Assessor da presidência da Gol Linhas Aéreas, Alberto Fajerman ressaltou que o setor foi muito castigado pela pandemia, e que as tarifas promocionais só existem porque existem as tarifas mais caras, que têm benefícios em relação às mais baratas, como a isenção de taxa de remarcação de voo. Já o gerente Jurídico da Latam Linhas Aéreas, Rogerio Martes, reforçou que a empresa segue a liberdade tarifária e cumpre todas as leis e regulamentos aplicáveis, principalmente no que diz respeito ao direito à informação na oferta dos serviços.
Críticas dos deputados
O deputado Ivan Valente (Psol-SP) lembrou que, durante a pandemia, o Congresso Nacional “colocou dinheiro para socorrer o setor aéreo”. Ele disse que, neste momento, há piora na qualidade e elitização do serviço, destacando que não houve redução do preço das passagens com a cobrança pelo despacho de bagagem. Além disso, reclamou de que o consumidor só consegue falar com robôs.
O deputado Duarte (PSB-MA) criticou a Anac por não se posicionar em defesa do consumidor, lembrando que outros serviços começaram a ser cobrados, como o lanche para o passageiro, e a passagem só aumenta. Ele defende a aprovação de lei que fixe multa máxima de remarcação de bilhete aéreo. Roberto Duarte (Republicanos-AC) reclamou especialmente do valor dos voos para a Região Norte e defendeu a abertura de uma CPI das empresas aéreas, inclusive para investigar a Anac, já que considera a fiscalização precária.
Já o deputado Luis Carlos Gomes (Republicanos-RJ) lembrou que o presidente Jair Bolsonaro, por meio da MP 1147/22, zerou as alíquotas PIS e Cofins para as atividades de transporte até 2026, sem que houvesse retorno para a sociedade com a economia das empresas.

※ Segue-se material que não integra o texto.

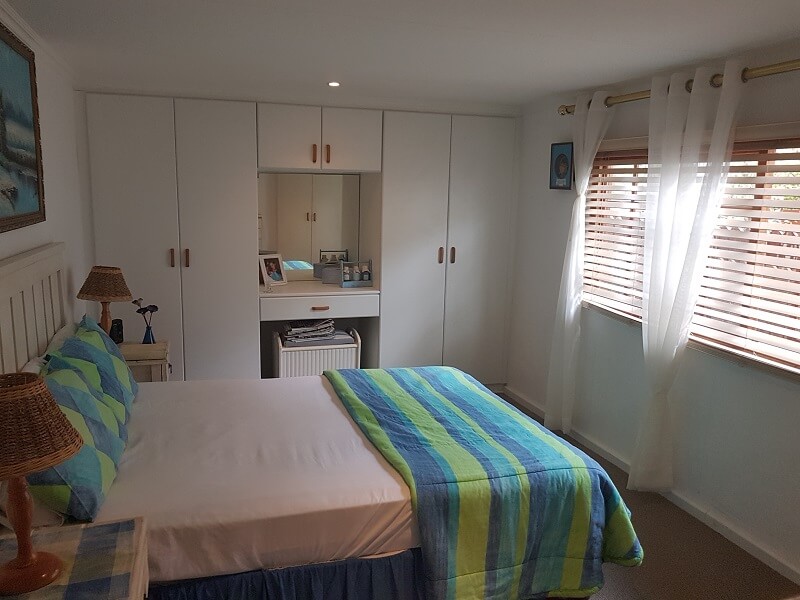 Plettenbergbay 12 31
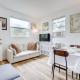 Steps to Food & Shops: Cozy Condo in Jacksonville!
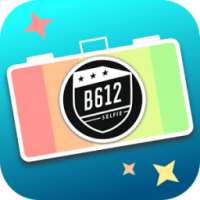 612 Collage Maker on 9Apps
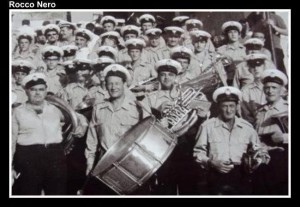 Gradska muzika Herceg Novi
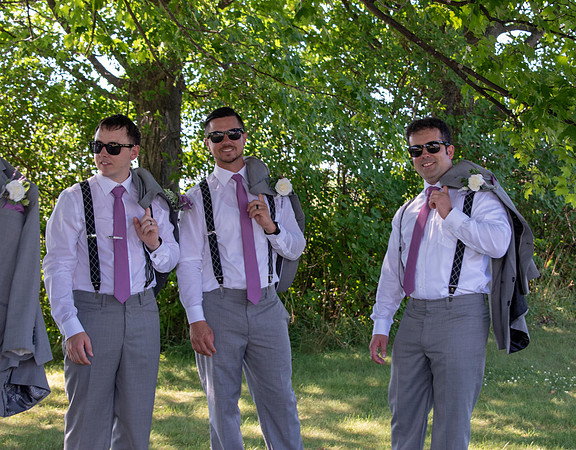 Fleet 7.14.2018 Wedding395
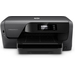 OfficeJet Pro 8210 - Color Printer - Inkjet - A4 - USB / Ethernet / Wi-Fi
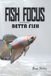 Fish Focus Betta Fish Behaviour Care and Natural Habitat Guide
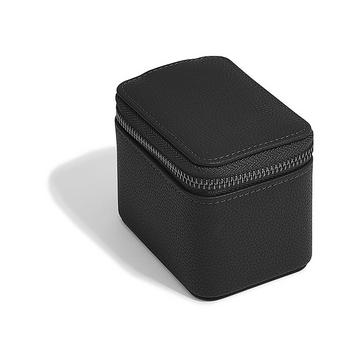 Uhrenbox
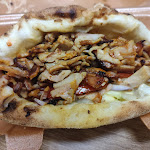 Photo n° 1 de l'avis de Caron.n fait le 13/09/2023 à 10:27 pour Utchi Food à Rouen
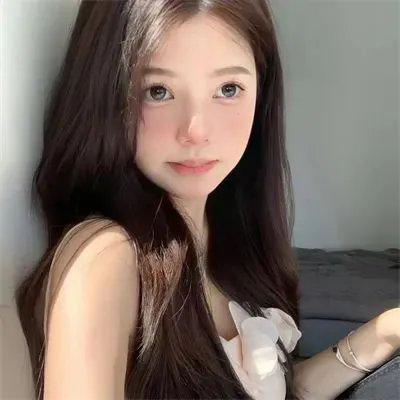 碧瞳
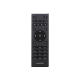 KENWOOD Smart Radio Hi-Fi Sistem, CR-ST700SCD-S, siva - 19340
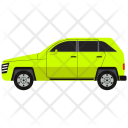 پیش‌نمایش فایل car-1246 از پک حمل و نقل جلد 17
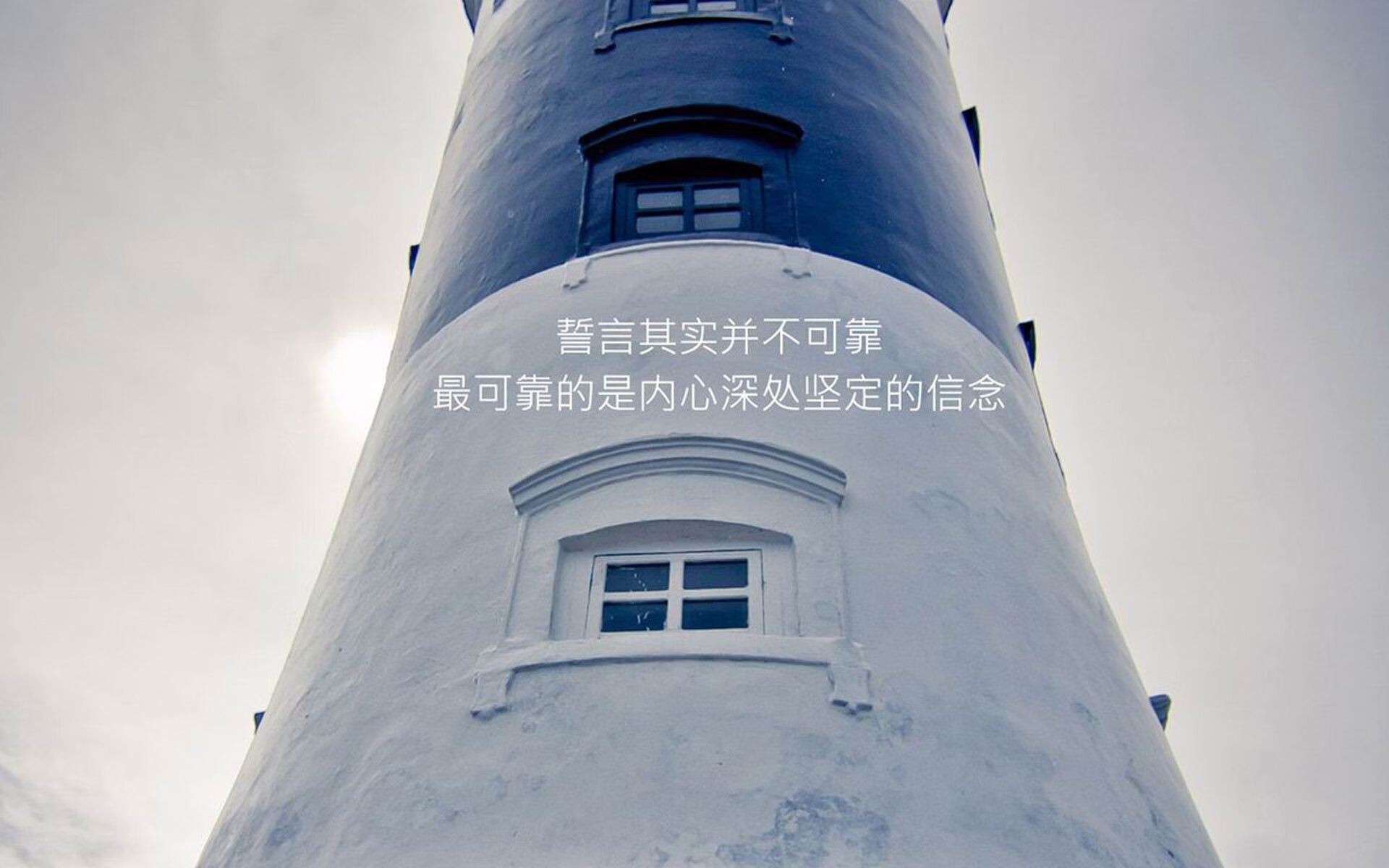 血色的斯芬克斯,当波斯铁骑在沙漠中解开努涅斯之谜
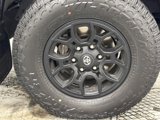 Used 2020 Toyota Tacoma TRD Sport image 5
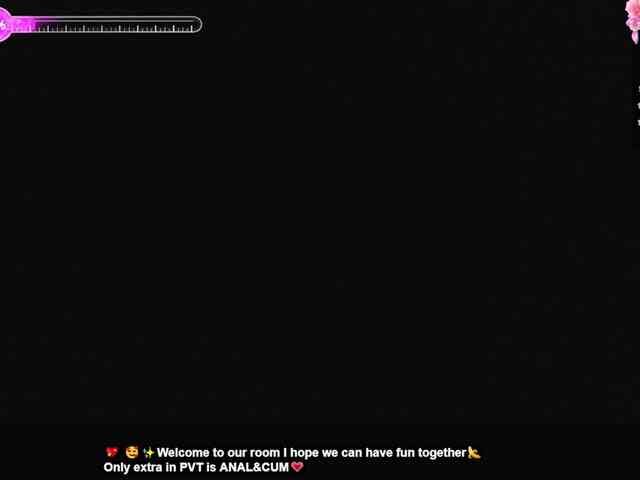 Marianaandlian webcam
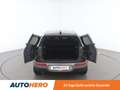 MINI Cooper D Clubman Cooper D *NAVI*CARPLAY*KLIMAAUT*SHZ*TEMPO* Gri - thumbnail 16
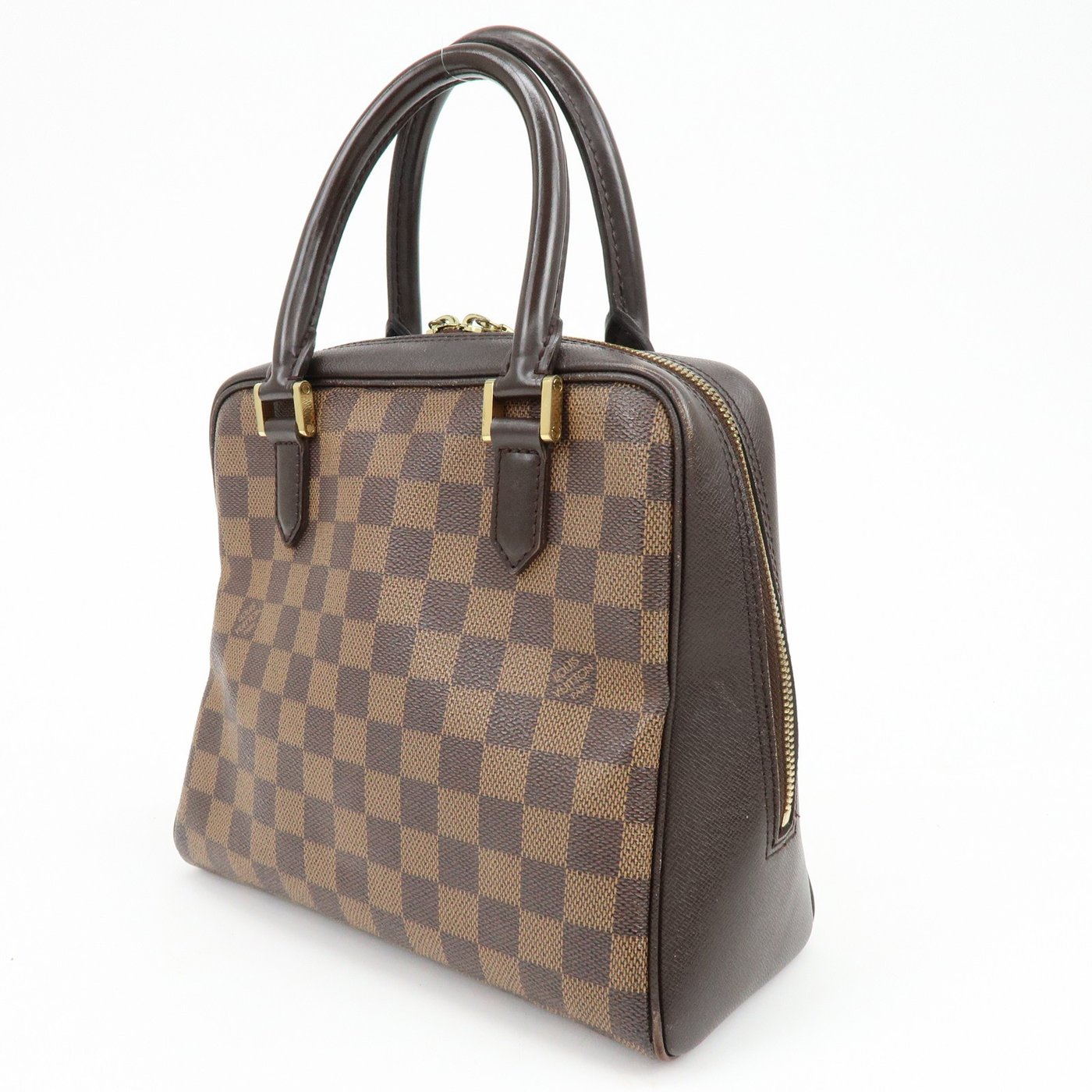 Louis Vuitton Brera Damier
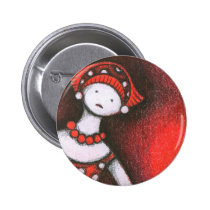 Mikiko buttons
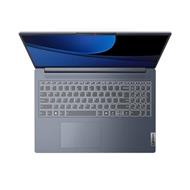 Lenovo IdeaPad Slim 5 16IMH9   Core Ultra 5 125H/16GB/SSD 1TB/16"/2K/OLED/400nitů/120Hz/bez OS/modrá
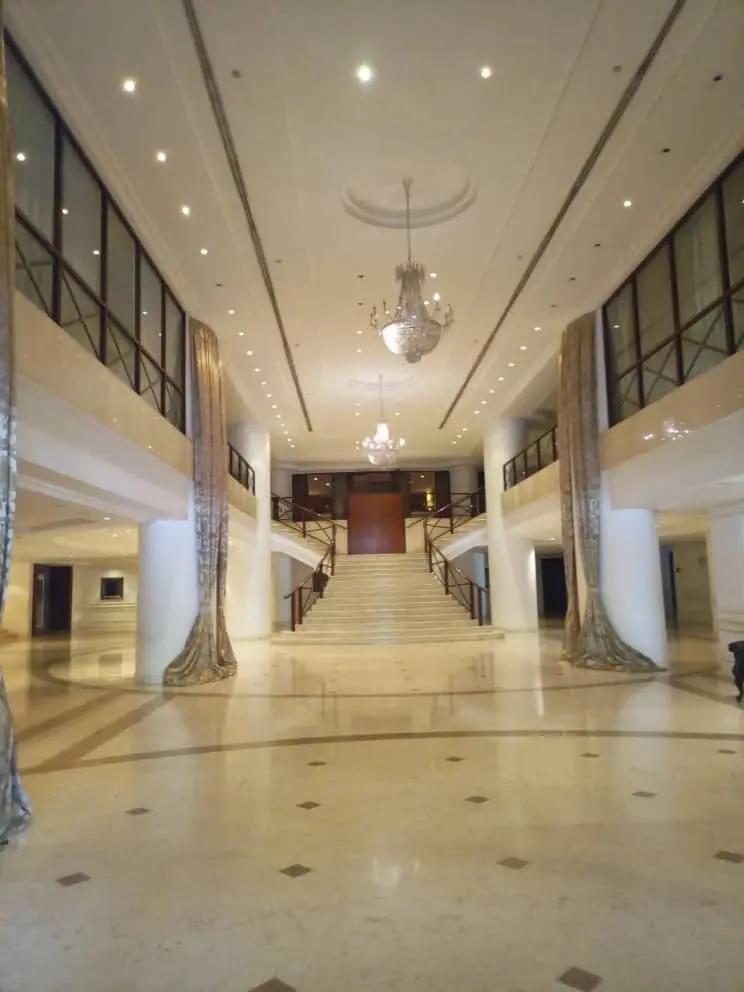 Precio del metro cuadrado en Caracas por zona 2026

O deputado Aureo Ribeiro (Solidariedade-RJ), por sua vez, salientou que um dos problemas relatados para a remarcação de passagens é o tempo de espera de até seis horas para conseguir contato com a companhia. Ele disse que apresentará requerimento de informação ao Tribunal de Contas da União (TCU) sobre a cobrança efetiva das multas aplicadas pela Anac às empresas aéreas.
A deputada Antônia Lúcia (Republicanos-AC) apontou que os aplicativos das companhias não funcionam devidamente e defendeu a revisão da Resolução 400/16 da Anac.
Defesa da desregulamentação
O deputado Gilson Marques (Novo-SC) discordou das propostas dos outros parlamentares, como CPI, mais regulação e tabelamento de preços. “Quanto mais regulamentação, mais burocracia, mais se afasta novos players. Não vão vir novas empresas, mais empreendedores, quando o serviço é extremamente regulamentado, burocrático como já é no Brasil”, opinou.
Ele disse que novas regras e exigências tornariam o serviço mais custoso. “A única coisa que vai fazer com que o serviço seja melhor é fazermos o contrário: desregulamentar, facilitar, desburocratizar, não fazer uma série de exigências, para que o mercado seja mais livre e atrativo”, completou.